Back in 1970, Ken Freeman himself in a seminal paper pointed out that the rotational velocities in disc galaxies were larger than expected given the mass associated with the stars, which emit the light in these systems. Because stars do not fly out in the empty space, some force must bind them in centripetal equilibrium, i.e. they go around more or less in a circular orbit around the centre of the galaxy. The mass contributing to the gravitational force must be in some form that does not emit nor absorb light. Hence, the name of “dark matter” (although invisible is more like it).  From the results coming from cosmology, we also know that dark matter is not constituted of the same building blocks out of which atoms and ourselves are made of.  With very big computers, it has been possible to simulate the evolution of the dark matter in our universe since the big bang, and study the formation of structures, i.e. galaxies. An intriguing result is that dark matter would concentrate very much towards the centre of the galaxies creating a so-called cusp.

Still one of the big uncertainties in mapping the amount of mass of galaxies has been how much of the gravity is provided by dark matter and how much by visible stars. It is easy to measure the total gravity: gravity provides the centripetal force that balances the rotation of the stars and gas in their nearly circular orbit around the centre of a galaxy, as said before. By measuring the rotational velocity out to large radii, we can measure the gravity and the galaxy’s total mass. What it is not so easy is to measure how much of this force comes separately from the dark matter and from the visible stars. This is vitally important, because the only way that we can learn about the properties of dark halos is through their gravity.  By determining how much the stars contribute, we can work out the detailed structure of dark matter, almost as if we could see this invisible matter directly.

And, how did astronomers measure the pull from the stars?

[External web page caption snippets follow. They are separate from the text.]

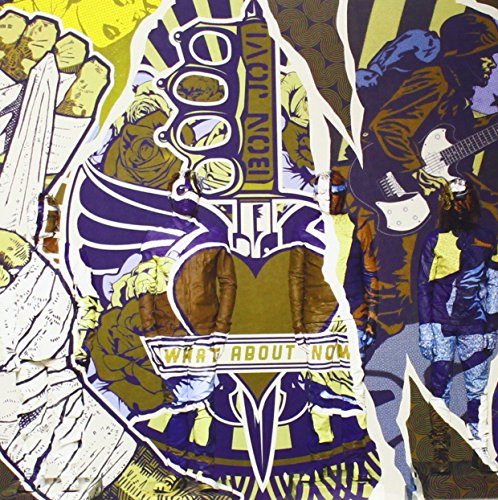 Bon Jovi / What About Now (Deluxe Version) - CD (Used) - www.Shopthatapp.com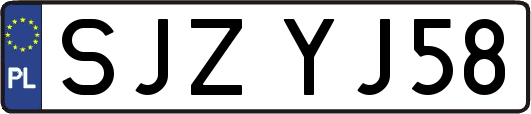 SJZYJ58
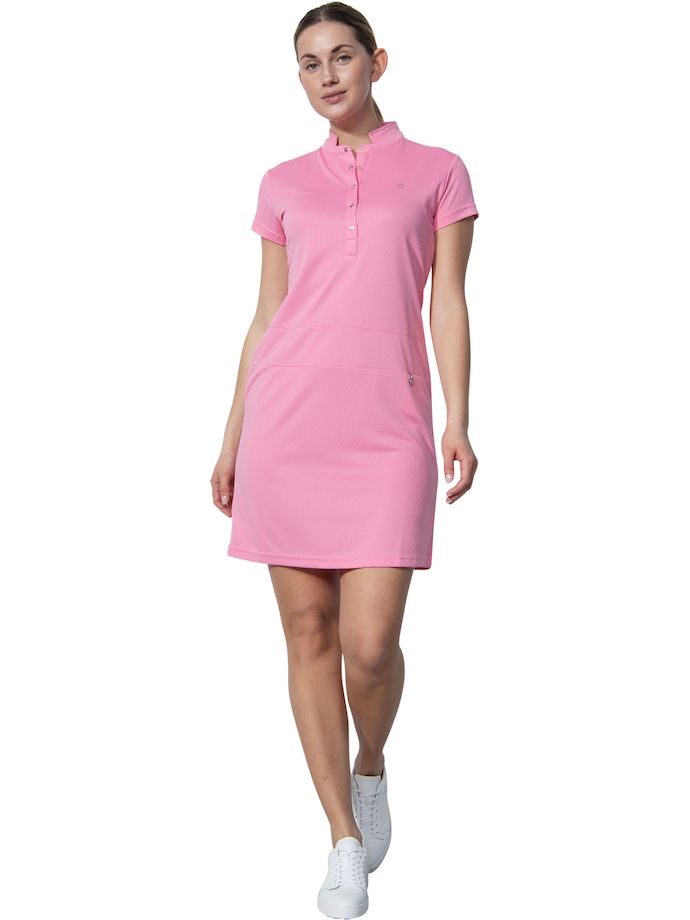 Daily Sports Ballina dress, pink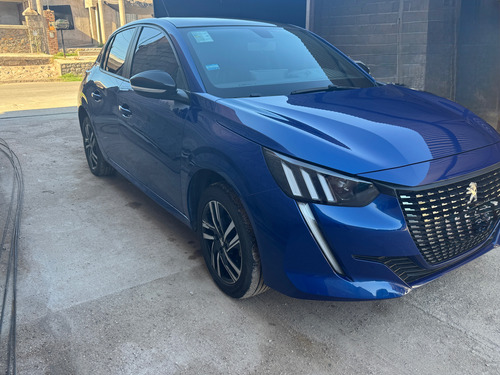 Peugeot 208 1.6 Road Trip Tiptronic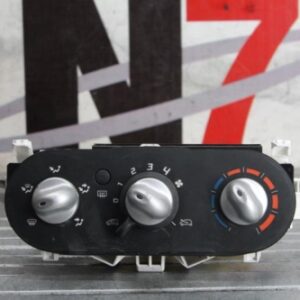 Commande chauffage RENAULT TWINGO 2 PHASE 2 Essence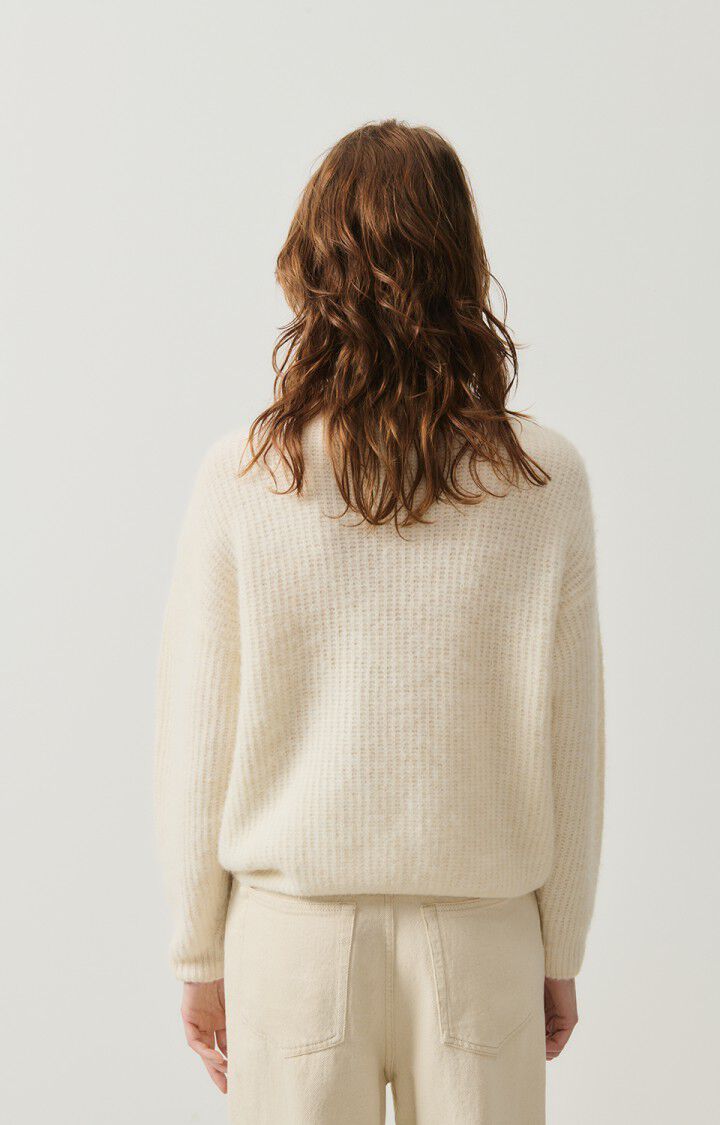 Jumper East - Melange Pearl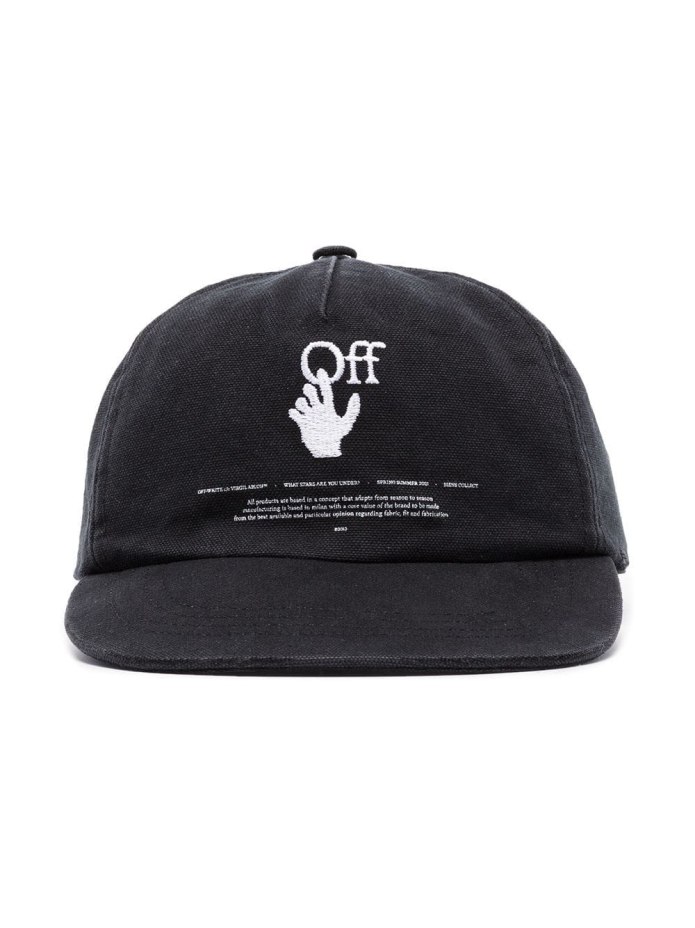 Кепка off White Dept.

As the stars circle the centre of the disc galaxy, they also oscillate up and down vertically from the plane of the disc. These motions are like that of an elastic spring: the star is kicked out of the plane by interacting with clouds of gas molecules and the spiral arms. Instead of flying away in space, the stars are pulled back towards the disc by the gravity of the remaining stars in the disc. Measuring these vertical motions in face-on disc galaxies allow us to measure the mass density of the stars and gas alone.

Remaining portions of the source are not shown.